From cdb24170b420822daa197ae0de411ff5b7df353a Mon Sep 17 00:00:00 2001
From: Deepak Cherian <dcherian@users.noreply.github.com>
Date: Tue, 7 Jan 2025 09:19:25 -0700
Subject: [PATCH] Optimize quantile. (#409)

---
 flox/aggregate_flox.py | 43 ++++++++++++++++++++++++------------------
 1 file changed, 25 insertions(+), 18 deletions(-)

diff --git a/flox/aggregate_flox.py b/flox/aggregate_flox.py
index 1e7d330a..938bd6fc 100644
--- a/flox/aggregate_flox.py
+++ b/flox/aggregate_flox.py
@@ -50,8 +50,8 @@ def _lerp(a, b, *, t, dtype, out=None):
 def quantile_(array, inv_idx, *, q, axis, skipna, group_idx, dtype=None, out=None):
     inv_idx = np.concatenate((inv_idx, [array.shape[-1]]))
 
-    array_nanmask = isnull(array)
-    actual_sizes = np.add.reduceat(~array_nanmask, inv_idx[:-1], axis=axis)
+    array_validmask = notnull(array)
+    actual_sizes = np.add.reduceat(array_validmask, inv_idx[:-1], axis=axis)
     newshape = (1,) * (array.ndim - 1) + (inv_idx.size - 1,)
     full_sizes = np.reshape(np.diff(inv_idx), newshape)
     nanmask = full_sizes != actual_sizes
@@ -59,27 +59,30 @@ def quantile_(array, inv_idx, *, q, axis, skipna, group_idx, dtype=None, out=Non
     # The approach here is to use (complex_array.partition) because
     # 1. The full np.lexsort((array, labels), axis=-1) is slow and unnecessary
     # 2. Using record_array.partition(..., order=["labels", "array"]) is incredibly slow.

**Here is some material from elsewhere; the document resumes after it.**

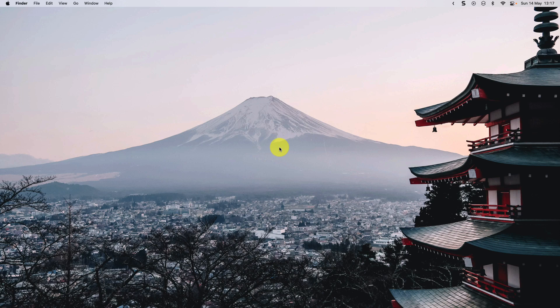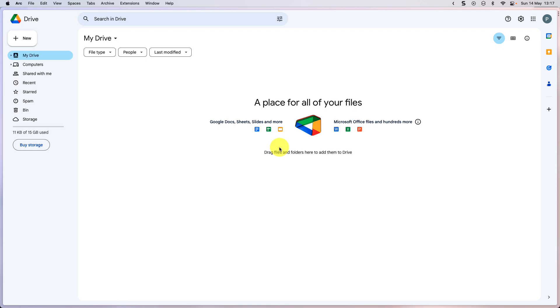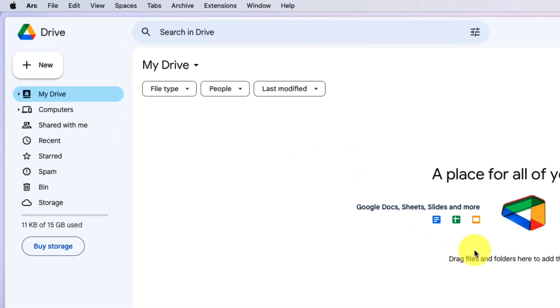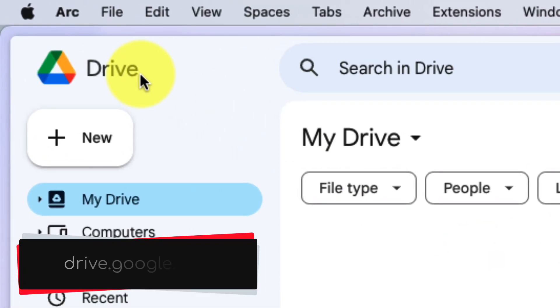Today I'm going to introduce you to a couple of them, but then show you the fastest way that I know how. Here you can see I'm inside my Google Drive, which can be found by heading to drive.google.com.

-    # partition will first sort by real part, then by imaginary part, so it is a two element lex-partition.
-    # So we set
+    # 3. For complex arrays, partition will first sort by real part, then by imaginary part, so it is a two element
+    #     lex-partition.
+    # Therefore we use approach (3) and set
     #     complex_array = group_idx + 1j * array
-    # group_idx is an integer (guaranteed), but array can have NaNs. Now,
-    #     1 + 1j*NaN = NaN + 1j * NaN
-    # so we must replace all NaNs with the maximum array value in the group so these NaNs
-    # get sorted to the end.
-    # Partly inspired by https://krstn.eu/np.nanpercentile()-there-has-to-be-a-faster-way/
-    # TODO: Don't know if this array has been copied in _prepare_for_flox. This is potentially wasteful
-    array = np.where(array_nanmask, -np.inf, array)
-    maxes = np.maximum.reduceat(array, inv_idx[:-1], axis=axis)
-    replacement = np.repeat(maxes, np.diff(inv_idx), axis=axis)
-    array[array_nanmask] = replacement[array_nanmask]
-
+    # group_idx is an integer (guaranteed), but array can have NaNs.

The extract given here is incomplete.